What the task asks:
A faithful copy of each record is required, minus the images.

(Stored data)
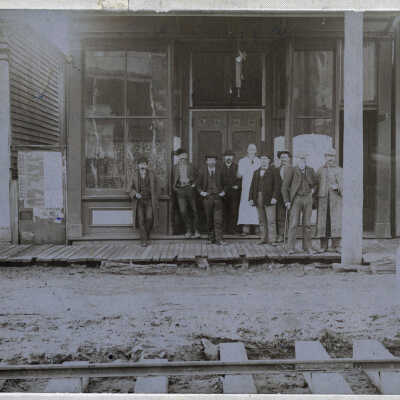 Young's Second Hand Store, Oregon City, Oregon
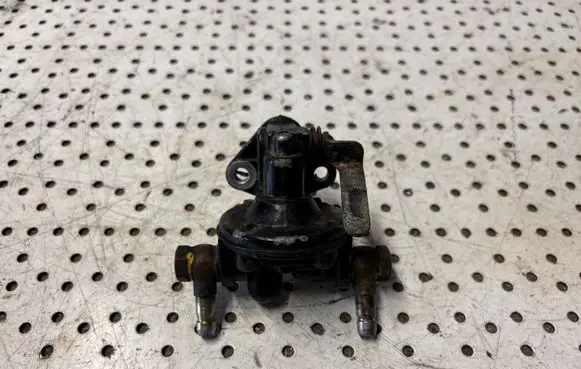 Microcar MC Mechanical fuel pump 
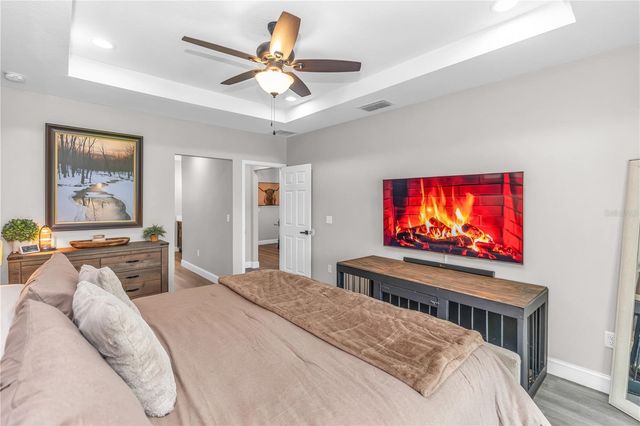 1978 10TH AVENUE, Deland, FL 32724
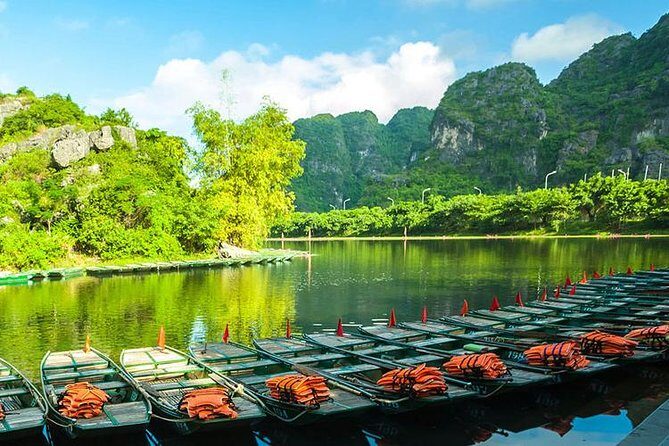 Ninh Binh Full Day Tour: Bai Dinh Pagoda - Trang An - Mua Cave - An In-Depth Look at the Ninh Binh Full Day Tour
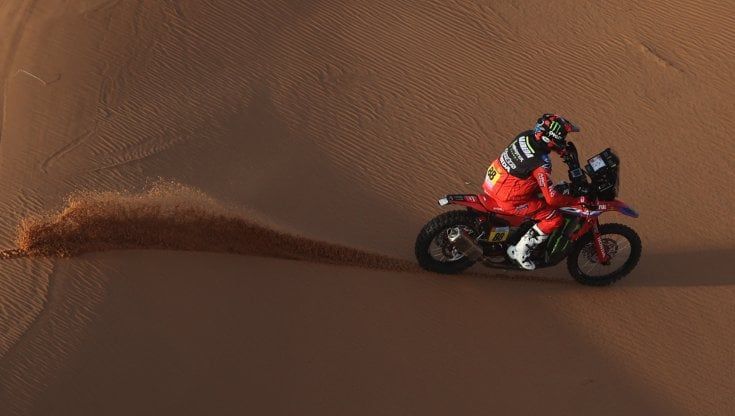 Dakar: esplosione prima della corsa, si indaga per terrorismo. Quarta tappa a Barreda nelle moto e a Al-Attiyah nelle auto
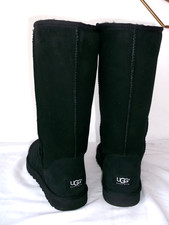 RRP £215 Women’s UGG Classic Tall black sheepskin Boots Size 5.5 UK EXCELLENT 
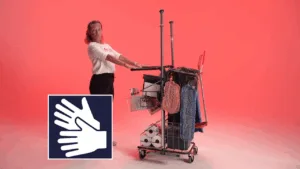 Kvinnlig träningsinstruktör tränar med städvagn.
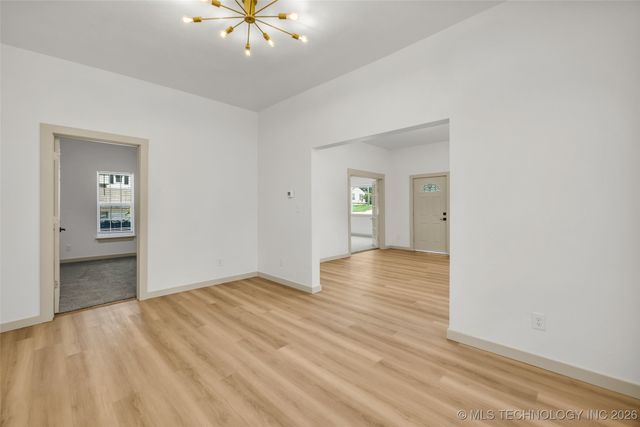 514 S Broadway Avenue, Coweta, OK 74429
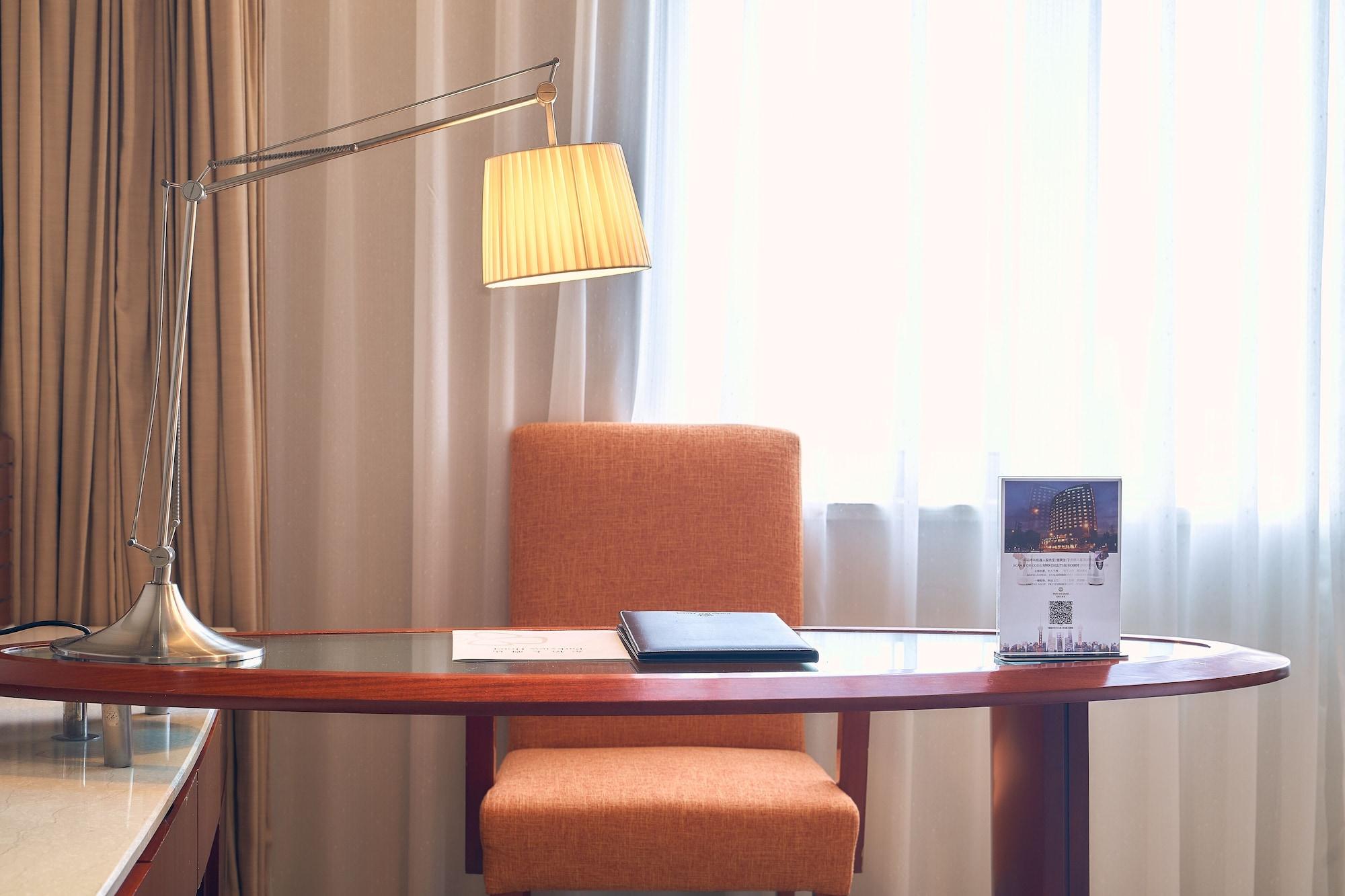 โรงแรม โรงแรมพาร์ควิว 4*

Output:
 Young's Second Hand Store, Oregon City, Oregon
 Microcar MC Mechanical fuel pump 
 1978 10TH AVENUE, Deland, FL 32724
 Ninh Binh Full Day Tour: Bai Dinh Pagoda - Trang An - Mua Cave - An In-Depth Look at the Ninh Binh Full Day Tour
 Dakar: esplosione prima della corsa, si indaga per terrorismo. Quarta tappa a Barreda nelle moto e a Al-Attiyah nelle auto
 RRP £215 Women’s UGG Classic Tall black sheepskin Boots Size 5.5 UK EXCELLENT 
 Kvinnlig träningsinstruktör tränar med städvagn.
 514 S Broadway Avenue, Coweta, OK 74429
 โรงแรม โรงแรมพาร์ควิว 4*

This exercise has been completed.